The current plight of the City of Detroit's pension funds is an example. We could cite Chicago, Portland, New Orleans or 58 other cities facing pension shortfalls totaling $99 billion. But Detroit is closer to home, and here I acknowledge I am personally affected by this issue.

Several generations of municipal employees concluded, at various times, that they needed, and were entitled to, a pay raise. They counted on the city's power of taxation as a ready source of additional revenue. Threatening to strike, the employees' unions could drive a hard bargain. But the municipality countered it could not afford more pay, there was no additional money, and it would be political suicide to raise taxes to support workers' demands.

Both unions and the city found more comfortable negotiating turf moving the debate from cash now to benefits later: retirement and healthcare packages could enhance the workers’ ability to live with dignity, having their needs cared for in retirement.

During the 1950s-1980s, defined benefit pension plans were popular because at the time of retirement each employee would receive a specific amount of money each year for the rest of his or her life. The benefit was therefore “defined,” and the employee contribution was a percentage of each paycheck, during working years. City employees liked having everything cast in concrete. Supposedly.

The City of Detroit carried two continuing responsibilities. The city was obligated to pay a certain amount to the pension fund each year. This is called the “annual required contribution” (ARC). The city was also to manage pension fund assets, seeing they were prudently invested, so when the time came, the money would be there to pay retirees what their contract specified.

City employees were satisfied: they received a little more pay, and a lot of future benefit, as it was said, “at the city’s expense.” Good victory for the union, right?

But two problems arose. First, no city administration lasts forever. Through successive generations of elected city officials, when money got tight, the ARCs weren’t fully paid, and there was no stomach for raising revenues from a diminishing and ever-poorer taxpaying public. Second, there were inconsistencies in managing pension fund assets.

Now we have a bankrupt City of Detroit facing a mountain of “unfunded pension liability” – there is not enough money to pay retirees what the city owes them. Those city employees are about to have their retirement benefits mercilessly, and unconstitutionally, whacked by the bankruptcy court. Thousands of former city employees will suffer deplorably reduced retirement benefits.

The lesson here is not that the unions were wrong to strike and bargain for pay raises and benefits, or that defined benefit plans should be scrapped. It's that the city employees rested comfortably in the belief that their contracts and Michigan’s State Constitution would protect them, while city officials failed to fulfill their responsibility as specified in contracts signed with the unions.

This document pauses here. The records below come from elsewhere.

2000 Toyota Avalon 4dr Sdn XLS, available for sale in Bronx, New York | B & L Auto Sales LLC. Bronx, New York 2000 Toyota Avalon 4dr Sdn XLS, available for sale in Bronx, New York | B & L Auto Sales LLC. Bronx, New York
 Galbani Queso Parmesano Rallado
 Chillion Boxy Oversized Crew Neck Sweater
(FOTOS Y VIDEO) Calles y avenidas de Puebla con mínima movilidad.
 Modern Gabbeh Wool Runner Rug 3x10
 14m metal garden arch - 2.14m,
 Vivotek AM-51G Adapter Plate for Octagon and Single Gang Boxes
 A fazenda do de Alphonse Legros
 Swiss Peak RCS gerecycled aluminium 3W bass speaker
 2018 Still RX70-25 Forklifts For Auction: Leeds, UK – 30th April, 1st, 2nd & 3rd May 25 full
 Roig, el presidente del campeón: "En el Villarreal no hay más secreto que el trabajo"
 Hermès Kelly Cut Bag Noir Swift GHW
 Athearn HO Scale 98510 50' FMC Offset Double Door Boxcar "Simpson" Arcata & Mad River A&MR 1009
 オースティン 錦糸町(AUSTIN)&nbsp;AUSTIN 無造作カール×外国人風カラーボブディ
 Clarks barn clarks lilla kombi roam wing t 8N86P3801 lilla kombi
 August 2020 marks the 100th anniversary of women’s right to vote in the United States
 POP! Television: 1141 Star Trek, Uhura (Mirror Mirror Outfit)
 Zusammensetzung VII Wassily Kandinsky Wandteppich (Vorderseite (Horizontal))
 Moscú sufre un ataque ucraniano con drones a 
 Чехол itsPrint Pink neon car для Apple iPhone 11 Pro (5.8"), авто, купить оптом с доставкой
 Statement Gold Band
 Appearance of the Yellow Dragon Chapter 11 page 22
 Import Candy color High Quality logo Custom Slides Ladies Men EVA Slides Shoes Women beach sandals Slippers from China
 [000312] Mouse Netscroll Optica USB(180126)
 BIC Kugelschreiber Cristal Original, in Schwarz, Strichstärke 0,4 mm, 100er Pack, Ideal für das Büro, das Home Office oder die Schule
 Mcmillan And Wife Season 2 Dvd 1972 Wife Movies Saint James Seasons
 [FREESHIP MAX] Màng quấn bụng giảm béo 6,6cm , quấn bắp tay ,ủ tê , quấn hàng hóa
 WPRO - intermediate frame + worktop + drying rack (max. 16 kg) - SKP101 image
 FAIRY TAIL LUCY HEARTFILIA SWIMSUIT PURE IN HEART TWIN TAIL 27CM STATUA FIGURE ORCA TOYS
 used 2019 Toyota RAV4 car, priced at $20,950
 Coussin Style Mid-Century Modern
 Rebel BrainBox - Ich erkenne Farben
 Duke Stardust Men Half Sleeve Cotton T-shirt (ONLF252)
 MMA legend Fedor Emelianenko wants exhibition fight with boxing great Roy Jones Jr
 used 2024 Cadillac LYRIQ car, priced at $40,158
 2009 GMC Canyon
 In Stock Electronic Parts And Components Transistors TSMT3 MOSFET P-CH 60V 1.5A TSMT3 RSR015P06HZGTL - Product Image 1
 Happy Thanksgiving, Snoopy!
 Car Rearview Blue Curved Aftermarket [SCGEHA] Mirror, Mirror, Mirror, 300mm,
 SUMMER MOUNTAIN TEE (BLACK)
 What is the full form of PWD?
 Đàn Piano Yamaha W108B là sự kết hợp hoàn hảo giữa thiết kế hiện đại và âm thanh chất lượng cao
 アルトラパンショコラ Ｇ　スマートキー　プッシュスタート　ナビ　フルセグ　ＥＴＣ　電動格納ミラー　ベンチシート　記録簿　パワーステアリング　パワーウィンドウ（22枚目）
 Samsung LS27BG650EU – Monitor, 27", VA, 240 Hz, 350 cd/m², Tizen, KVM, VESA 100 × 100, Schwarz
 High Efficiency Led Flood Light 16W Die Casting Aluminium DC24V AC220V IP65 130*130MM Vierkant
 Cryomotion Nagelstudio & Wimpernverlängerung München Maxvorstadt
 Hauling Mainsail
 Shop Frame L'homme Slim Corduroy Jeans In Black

What’s more, when we put our future in the hands of capital, the unknown contains the seeds of deceit and mismanagement. Perhaps, if the unions had mounted repeated campaigns of direct action, better results might have been realized. But whereas our laws protect contracts between and among business interests, agreements with employees are easily broken. Nowhere is this more plainly seen than in the decisions of the governor, the emergency manager and the bankruptcy court judge. Economic justice has now been strangled by our privileged elites.